The most universal sign of a person’s allegiance to Christ is the wearing of a Cross. By the Cross we Christians are known. And as Orthodox Christians, we not only wear a Cross–which is given to us at our Baptism–we also make the sign of the Cross with our hands in times of need or during worship, and we venerate the Cross with our lips whenever we encounter it. (I once saw a young child walking down the aisles of a Church, kissing every cross that was carved at the end of each row of pews.)
It is fitting that the Church has a special day of commemoration for the Cross: The Elevation of the Venerable and Life-Giving Cross, which is celebrated on September 14. (There are also two other days dedicated to the Cross: August 1 and the 3rd Sunday of Lent.)
The Cross is “venerable”–worthy of veneration, of praise and adoration–because it has the power of God. Through the Cross all dark powers, all temptations can be vanquished. The Cross expels evil; God works through this holy instrument to grant grace to His people. For this reason, a priest always blesses in the sign of the Cross (whether with his hand or with some other holy object).
The Cross is also “life-giving” because through it we have received eternal life. By Jesus’ death on the Cross and His glorious Resurrection, death itself has been conquered. In the words of St. John Chrysostom, Jesus has “made Hell captive.” Death has no sting, because it is no longer the end of life; rather it has become the passageway to salvation and eternal life. Inasmuch as we cling to Christ’s Holy Cross, we join ourselves to the Immortal One, the Giver of Life.
However, clinging to Christ and His Cross means something very specific. Though we may wear the Cross as a sign of our allegiance to Christ, it is through our actions that we prove our allegiance to be true, that we show our faithfulness. Our Lord teaches us what it means to be a true follower of Christ: “If anyone desires to come after Me, let him deny himself, and take up his cross, and follow Me. For whoever desires to save his life will lose it, but whoever loses his life for My sake will find it.” (Matthew 16:24-25)

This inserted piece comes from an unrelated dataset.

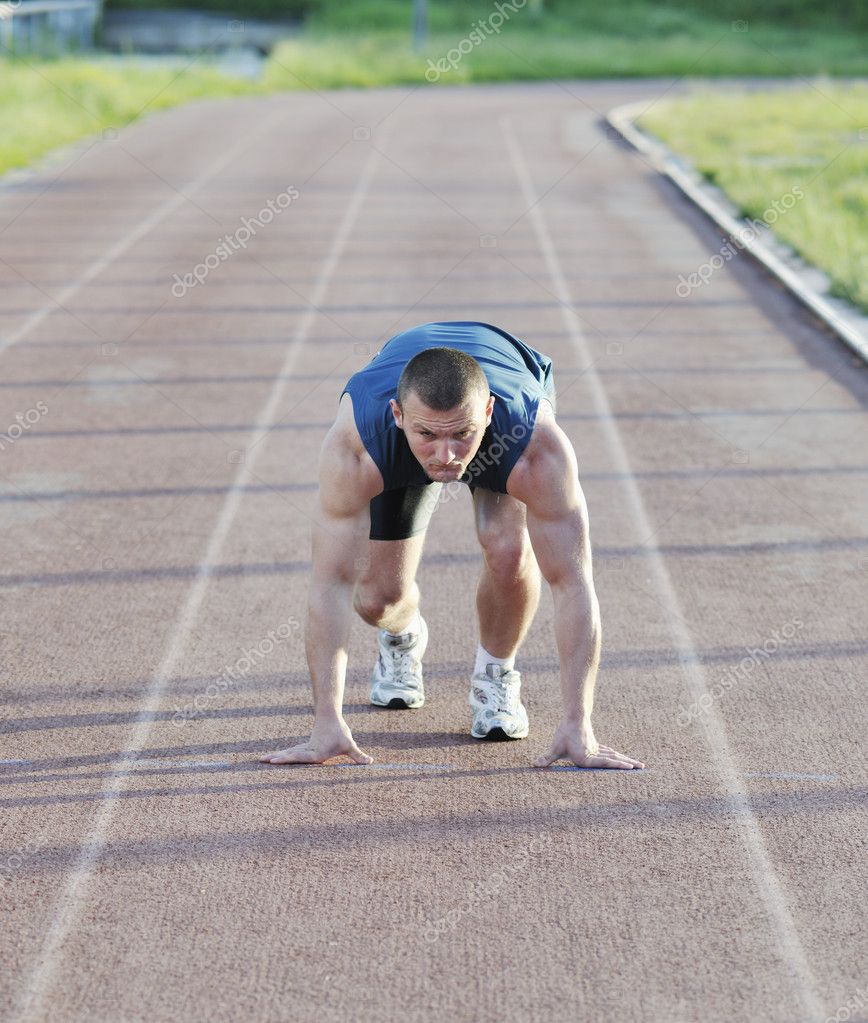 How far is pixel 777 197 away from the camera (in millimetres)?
16812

Jesus gives us three specific actions: deny ourselves, take up our cross, and follow Him. We deny ourselves by not pursuing our own selfish desires, by diminishing our ego and taking on the needs and burdens of others. This is in imitation of Jesus, Who took on all of our sins and was persecuted, mocked, beaten and killed for our sake. However, this is not easy work, thus the Church offers us the Eucharist, fasting, almsgiving, and prayer, which are tools for our spiritual healing.

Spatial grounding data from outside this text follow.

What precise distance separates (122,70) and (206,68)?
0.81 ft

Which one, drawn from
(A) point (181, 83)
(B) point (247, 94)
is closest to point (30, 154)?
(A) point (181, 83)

We take up our cross and follow Him by patiently enduring, as our own cross, our sinfulness and the consequences of sin. Just as Christ nailed our own sins to the Holy Cross, so we too bear our sins as a cross. Metropolitan Anthony of Sourozh says of this: “When we can neither avoid sin, nor repent truly, we can at least bear the burden of sin, bear it patiently, bear it with pain, bear it without doing anything to avoid the pain and the agony of it, bear it as one would bear a cross–not Christ’s cross, but the cross of the thief who was crucified next to Him… [For] it is to him, the thief–because he had accepted the punishment, the pain, the agony, the consequences indeed of evil he had committed, of being the man he was–that Christ said, ‘Today you shall be with Me in Paradise.’”
In imitating Christ, we unite ourselves to Him. This is the path of the Christian, and it is an arduous one. Yet we find confidence in knowing that it is a path which was first trodden by our Lord Jesus Christ. He is the Good Shepherd, walking ahead of the sheep, clearing the path so that we can safely walk in His footsteps.
With strength and confidence in Christ, may we deny ourselves, take up our cross, and follow Him–so that we too can enter into Paradise with the thief.
In Christ’s Love,
Fr. Matthew
+++
Save, O Lord, Your people and bless Your inheritance.
Grant victory to the faithful against the adversaries of the Faith;
and protect Your people by the power of Your Cross.